26 The relevant Regional Environmental Plan (“REP”), being REP 20 – Hawkesbury-Nepean River, also requires development consent for use of land as a caravan park.

27 The subject land is zoned “Environment Protection Mixed Agriculture (Scenic)” under Hawkesbury Local Environmental Plan 1989 (“the LEP”). Caravan parks are not separately listed in the land use table, nor are they defined in the plan. They are, therefore, prohibited within the zone, but “tourist facilities”, “rural tourist facilities”, and “identified land uses” are permissible.

28 “Tourist facilities” are defined as:

          a building or place that is used to provide refreshment, accommodation, recreation or amusement facilities for the travelling or holidaying public”.

29 An “identified land use” is a use for which consent or approval has been granted by Council, and which was in operation at the date Amendment No. 108 to the LEP commenced, namely 18 August 2006.

30 At a hearing before Tuor C in November 2006, counsel for the applicant submitted that the development in the relevant development application (“DA”), dated 18 April 2000, fell within the definition of “Rural Tourist Facility”, which is permissible in the zone, and defined under the LEP as:

          “a building or place in a rural area that is used to provide low scale holiday accommodation, recreation or education for the travelling or holidaying public, and may consist of holiday cabins, horse riding facilities, refreshment rooms or the like”.

(3) The use of the subject land

31 Contrary to the way in which the applicant’s case was argued (see T5, L3-5), the question of characterisation of use is quite separate from the question of construction of consents.

32 The use of the subject land is to be properly characterised “in a common sense and practical way”, and by reference not to words used in documents, but to “actual development” on the land.
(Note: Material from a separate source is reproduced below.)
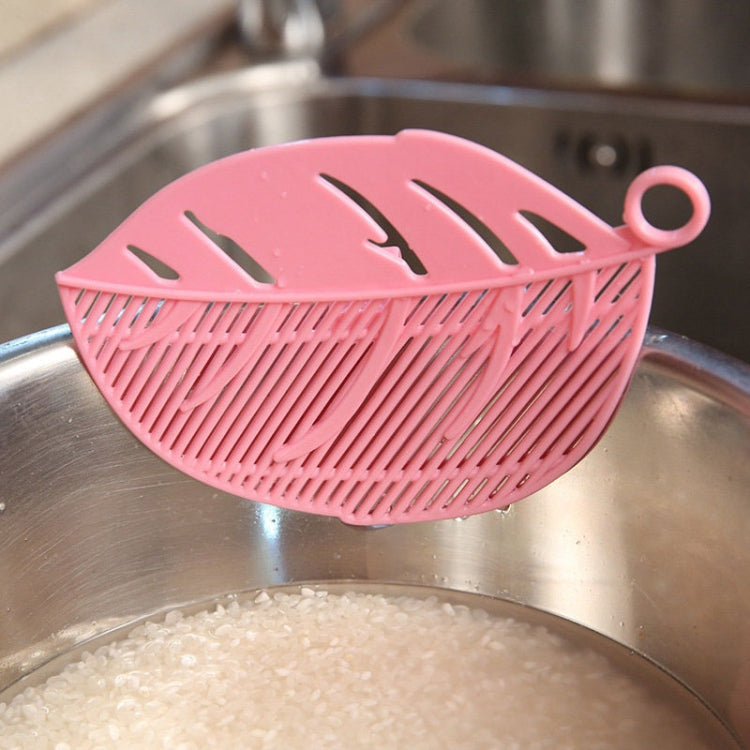 Leaf Shaped Rice Wash Gadget Noodles Beans Colanders Strainers Cleaning Tool, Size:10.5x14.5cm(Pink) - Cleaning Tools by PMC Jewellery | Online Shopping South Africa | PMC Jewellery | Buy Now Pay Later Mobicred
Hopkins and Another v Tweed Shire Council and Another (2001) 113 LGERA 406, [2001] NSWLEC 75 (“Hopkins”); Chamwell Pty Ltd v Strathfield Council (2007) 151 LGERA 400, [2007] NSWLEC 114; Grace and Another v Thomas Street Cafe Pty Ltd and Others (2007) 159 LGERA 57, [2007] NSWCA 359.

33 Regardless of the view properly to be taken by the court on the question of valid development consent, the documentary evidence portrays development and activity on the subject land as entirely consistent with the definitions of “caravan park” in SEPP 21, and/or of “tourist facility” and /or “rural tourist facility” in the LEP, and the current use of the subject land can and should be so characterised.
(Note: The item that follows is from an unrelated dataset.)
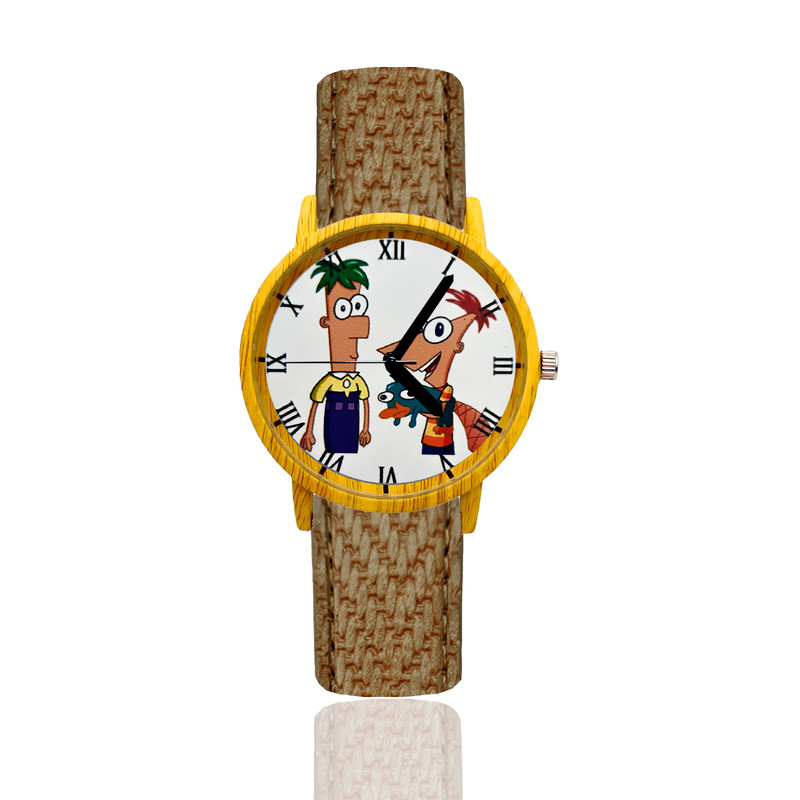 Reloj Phineas Y Ferb Estilo Madera Marron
34 In this regard it is to be noted that Tuor C observed that the park appeared to be operating more for the benefit of the shareholders who own a moveable dwelling or structure located on a site within the development “as a sort of holiday house”, rather than to attract tourists or the general travelling public on a more casual/informal basis.
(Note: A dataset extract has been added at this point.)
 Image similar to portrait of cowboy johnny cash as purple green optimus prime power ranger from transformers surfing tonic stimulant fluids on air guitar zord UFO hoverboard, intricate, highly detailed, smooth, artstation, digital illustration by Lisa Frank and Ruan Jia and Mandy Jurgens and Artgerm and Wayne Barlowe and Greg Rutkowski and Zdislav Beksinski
35 The proven use of the subject land is not prohibited, but does require development consent.

(4) These proceedings seen in their litigation context

36 The caravan park’s relationship with its local council, originally Colo Shire Council and more recently Hawkesbury Shire Council, clearly has a long and complex history. (It would appear that the identity of the relevant council/consent authority changed in the late 1970s or early 1980s).

37 The evidence suggests there have been several proceedings in this court regarding this land/park, but the issue of permissibility of the continuing use of the subject land as a caravan park arose in the court for the first time in November 2006, during class 2 proceedings before Tuor C (Matter No. 20642 of 2006), and again in the subsequent s 56A appeal heard by Biscoe J in December 2007.

38 Those proceedings were commenced because Council had refused an application under s 68 of the LG Act for the installation of a moveable dwelling and an associated structure at “site 68” (formerly numbered “47”) on the subject land. The Council contended, in the applicant’s appeal before Tuor C, that, contrary to widespread assumptions, no consent existed for the applicant’s enterprise.

39 In her judgment on the class 2 appeal ([2007] NSWLEC 112), Tuor C was not satisfied that a development consent, compliant with the EPA Act, existed either for the use of the land as a caravan park, or for site 68 in particular.

40 On the s 56A appeal, Biscoe J held – in [2008] NSWLEC 39, as noted above – that, while it was necessary to have consents/approvals under both Acts, it was not mandatory that the development consent under the EPA Act be obtained prior to the necessary approval being granted under s 68 of the LG Act, or vice versa.

41 It is not disputed in these present proceedings that the applicant’s park currently enjoys a valid s 68 approval, but the court cannot find among the evidence any approval which is clearly still current as at today.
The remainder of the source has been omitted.